Could you return every record below word for word, leaving out the pictures?
[Provided data Boundary: Start]
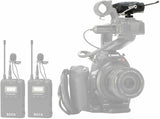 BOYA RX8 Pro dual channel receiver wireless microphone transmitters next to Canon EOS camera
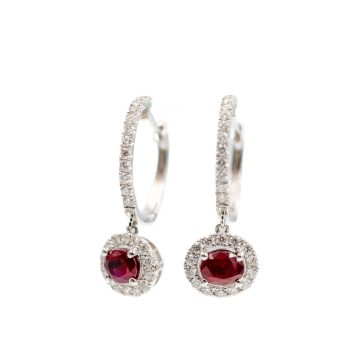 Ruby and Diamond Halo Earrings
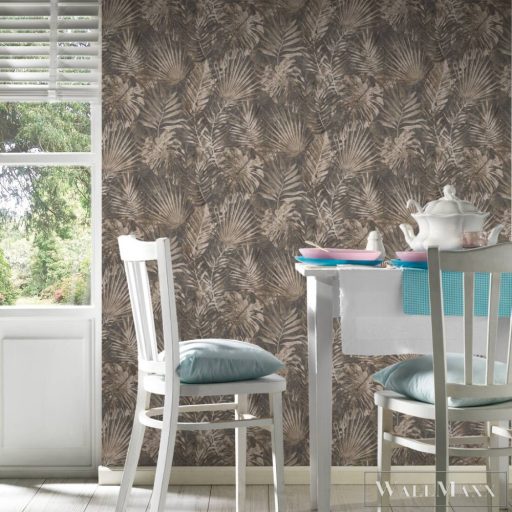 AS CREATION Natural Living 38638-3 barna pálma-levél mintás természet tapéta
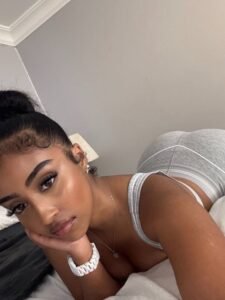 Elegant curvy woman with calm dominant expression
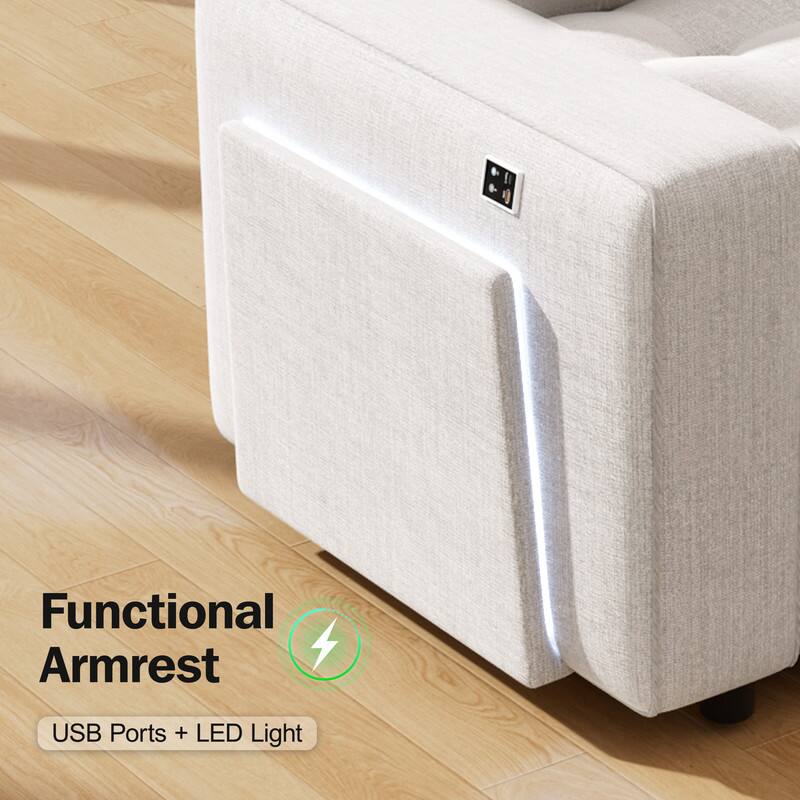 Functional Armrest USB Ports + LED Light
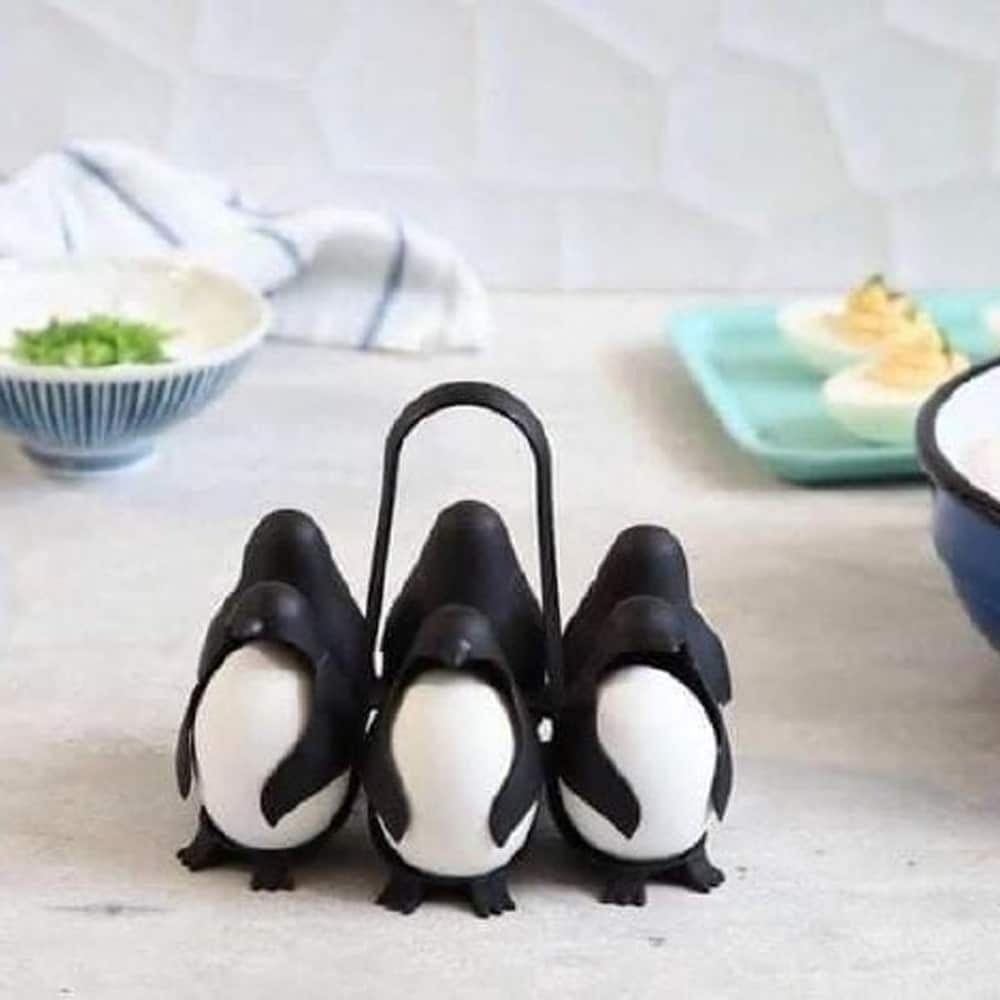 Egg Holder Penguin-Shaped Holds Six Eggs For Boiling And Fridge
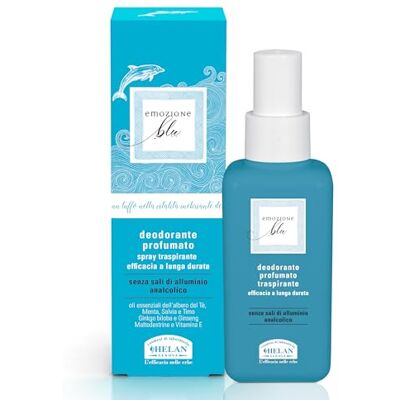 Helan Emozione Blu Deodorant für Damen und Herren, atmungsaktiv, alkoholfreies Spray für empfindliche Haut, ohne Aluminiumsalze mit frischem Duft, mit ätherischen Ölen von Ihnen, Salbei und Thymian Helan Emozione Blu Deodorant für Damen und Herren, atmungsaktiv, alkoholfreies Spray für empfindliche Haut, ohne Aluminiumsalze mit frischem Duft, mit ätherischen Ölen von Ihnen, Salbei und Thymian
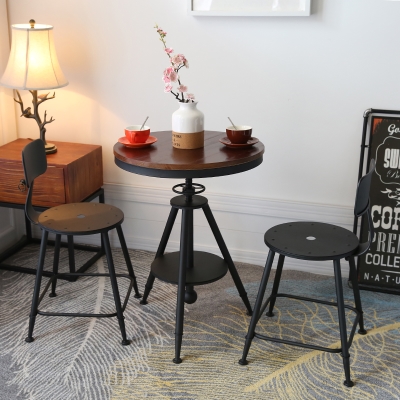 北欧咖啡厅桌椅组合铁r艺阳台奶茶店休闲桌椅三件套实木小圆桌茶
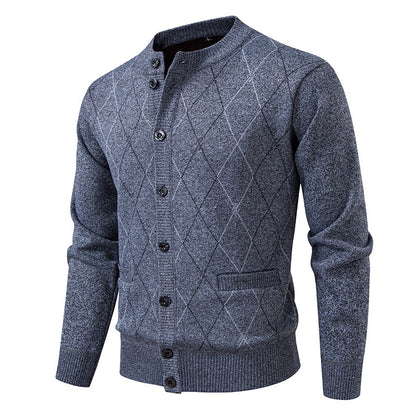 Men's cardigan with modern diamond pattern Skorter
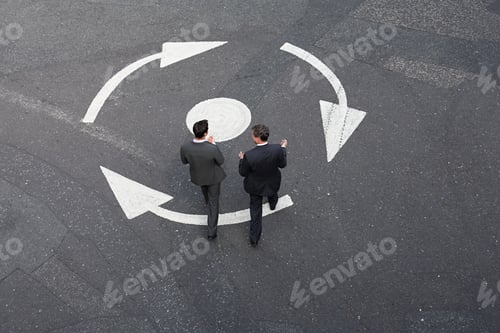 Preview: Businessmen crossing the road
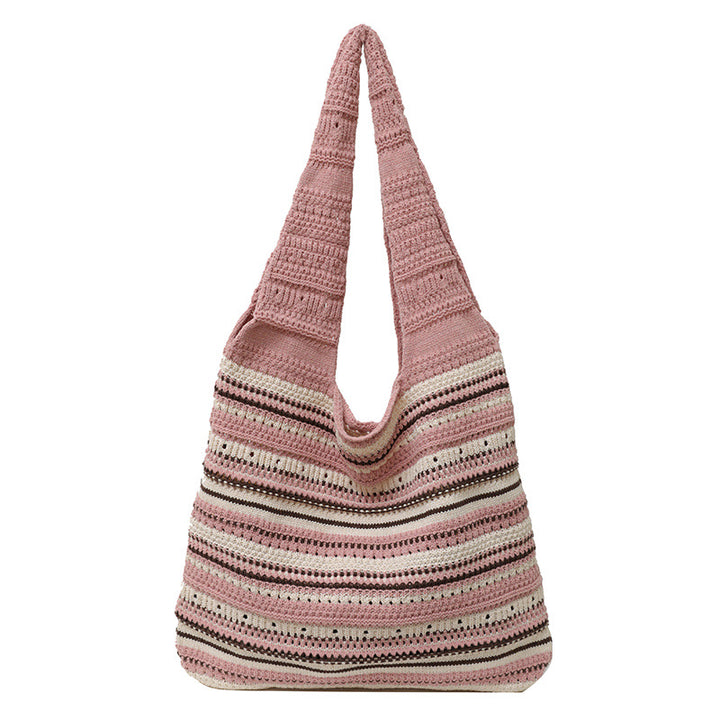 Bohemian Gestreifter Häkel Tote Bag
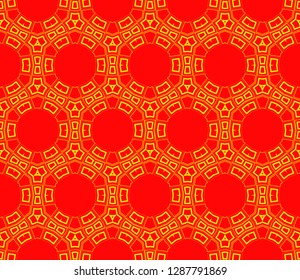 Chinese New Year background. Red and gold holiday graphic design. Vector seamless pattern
[Provided data Boundary: End]
• _Finished exercise_
 BOYA RX8 Pro dual channel receiver wireless microphone transmitters next to Canon EOS camera
 Ruby and Diamond Halo Earrings
 AS CREATION Natural Living 38638-3 barna pálma-levél mintás természet tapéta
 Elegant curvy woman with calm dominant expression
 Functional Armrest USB Ports + LED Light
 Egg Holder Penguin-Shaped Holds Six Eggs For Boiling And Fridge
 Helan Emozione Blu Deodorant für Damen und Herren, atmungsaktiv, alkoholfreies Spray für empfindliche Haut, ohne Aluminiumsalze mit frischem Duft, mit ätherischen Ölen von Ihnen, Salbei und Thymian Helan Emozione Blu Deodorant für Damen und Herren, atmungsaktiv, alkoholfreies Spray für empfindliche Haut, ohne Aluminiumsalze mit frischem Duft, mit ätherischen Ölen von Ihnen, Salbei und Thymian
 北欧咖啡厅桌椅组合铁r艺阳台奶茶店休闲桌椅三件套实木小圆桌茶
 Men's cardigan with modern diamond pattern Skorter
 Preview: Businessmen crossing the road
 Bohemian Gestreifter Häkel Tote Bag
 Chinese New Year background. Red and gold holiday graphic design. Vector seamless pattern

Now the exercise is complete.